*** Begin section ***

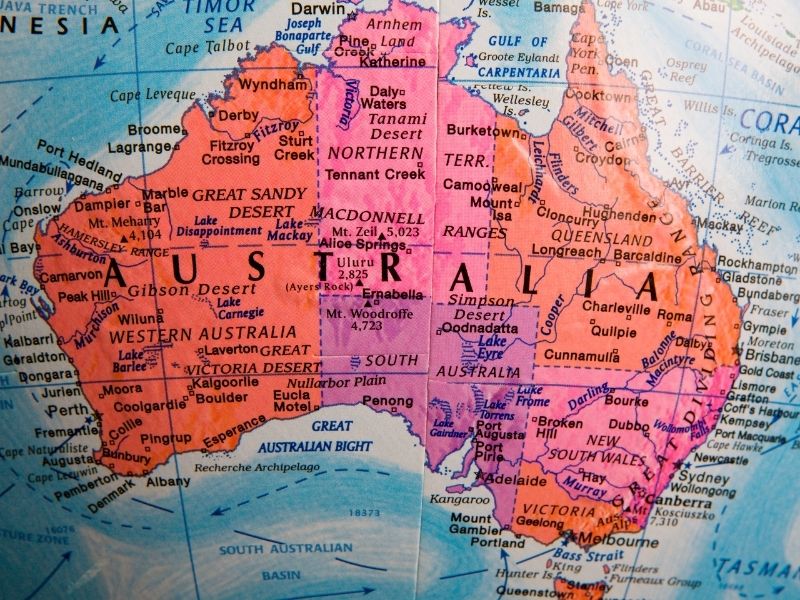 Australia Map. Map of Australia Showing States And Towns Which Will Be Helpful For A Working Holiday In Australia.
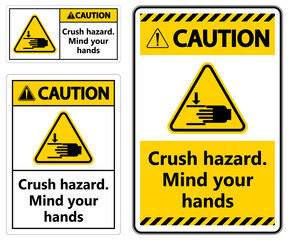 Warning Crush hazard Mind your hands Sign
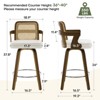 Bekrvio 26" Swivel Counter Height Bar Stools Set of 1/2/3/4,Faux Leather Upholstered Bar Chairs with Back & Arm for Kitchen Island,Black - 4 of 4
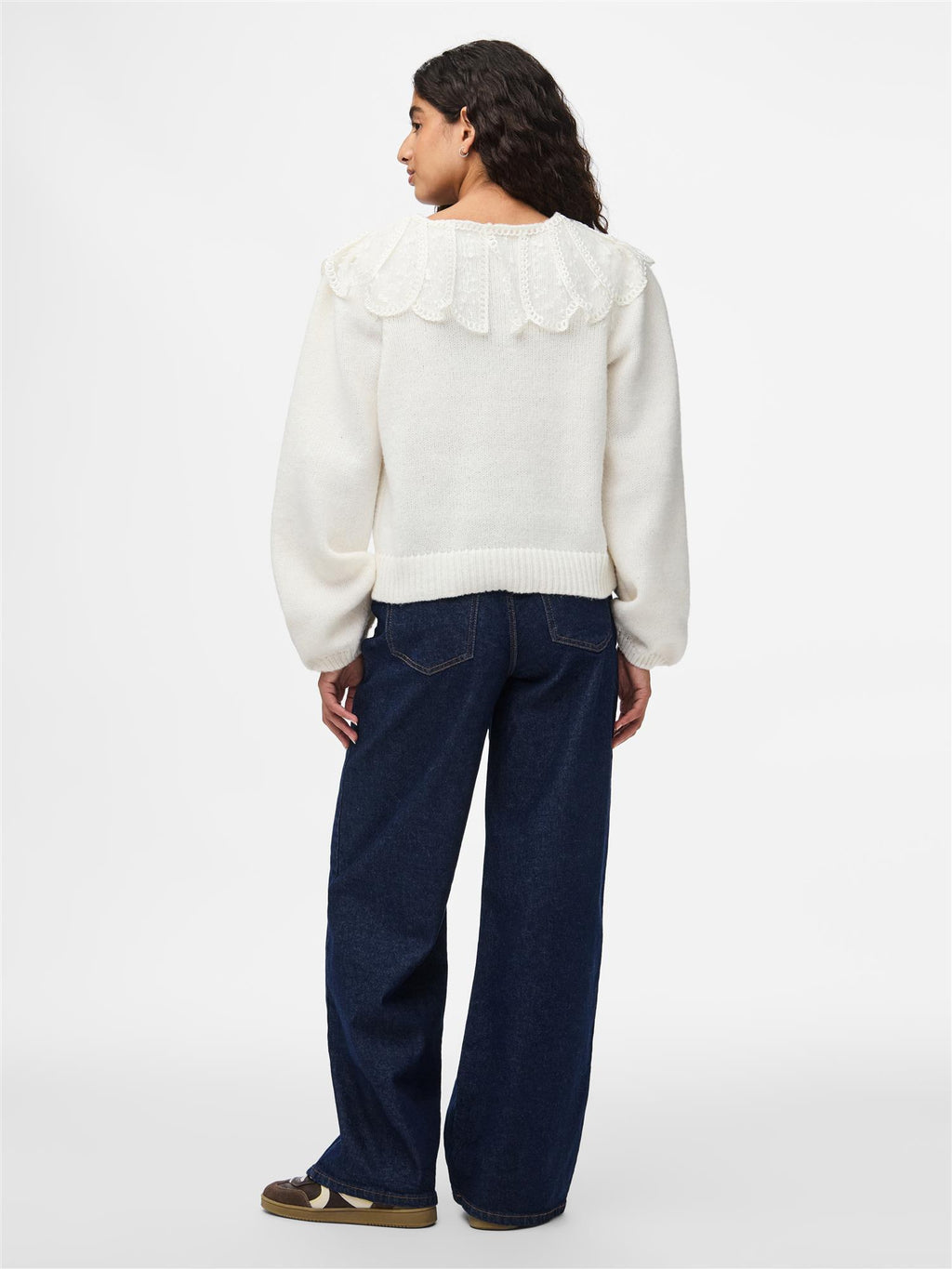 Abby lace collar knit cardigan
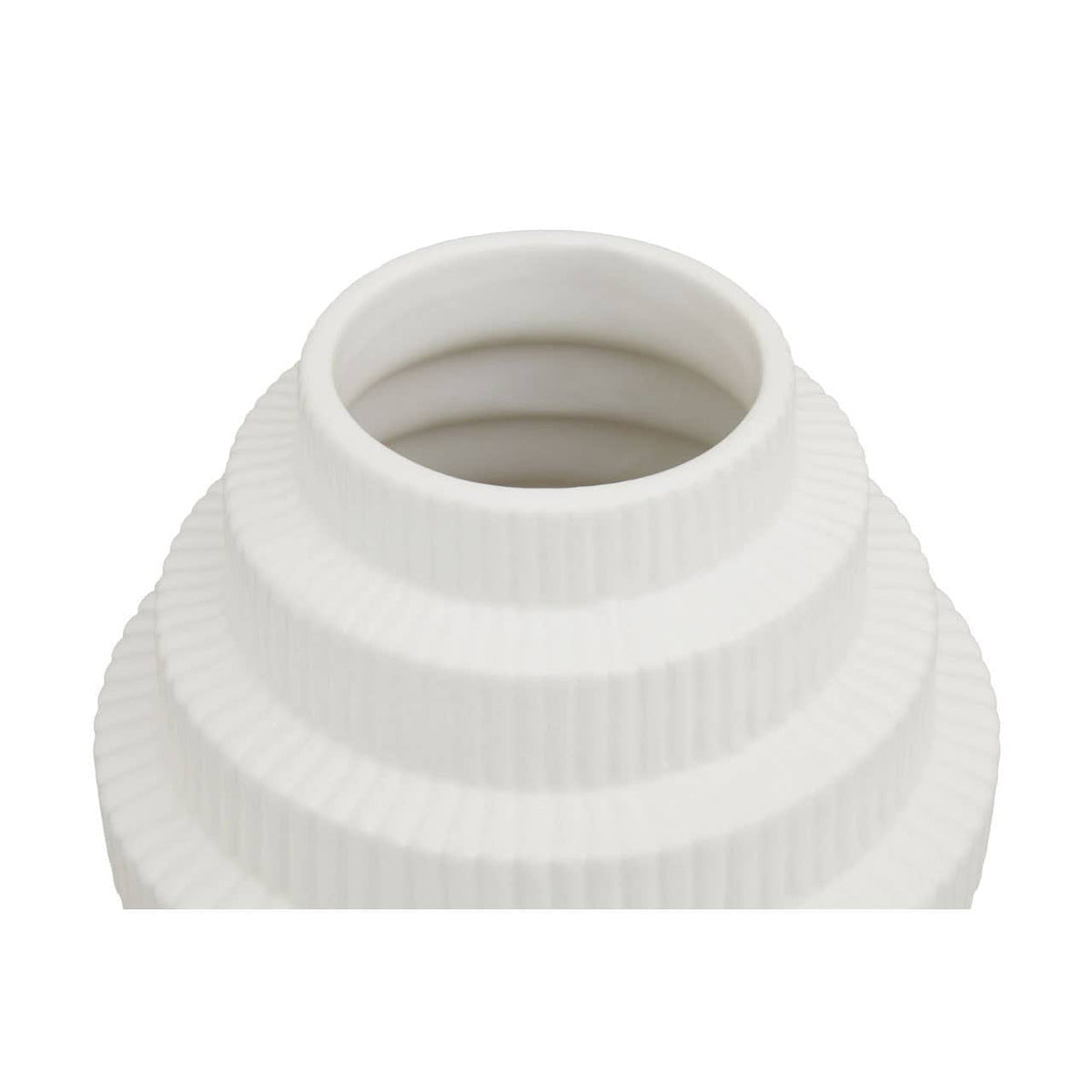 Hamilton Interiors Living Fabia White Small Step Design Vase House of Isabella UK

*** End section ***

Would you please retype all the data exactly? Leave out whatever pictures it holds.

▶ **Reply to the exercise**
 Australia Map. Map of Australia Showing States And Towns Which Will Be Helpful For A Working Holiday In Australia.
 Warning Crush hazard Mind your hands Sign
 Bekrvio 26" Swivel Counter Height Bar Stools Set of 1/2/3/4,Faux Leather Upholstered Bar Chairs with Back & Arm for Kitchen Island,Black - 4 of 4
 Abby lace collar knit cardigan
 Hamilton Interiors Living Fabia White Small Step Design Vase House of Isabella UK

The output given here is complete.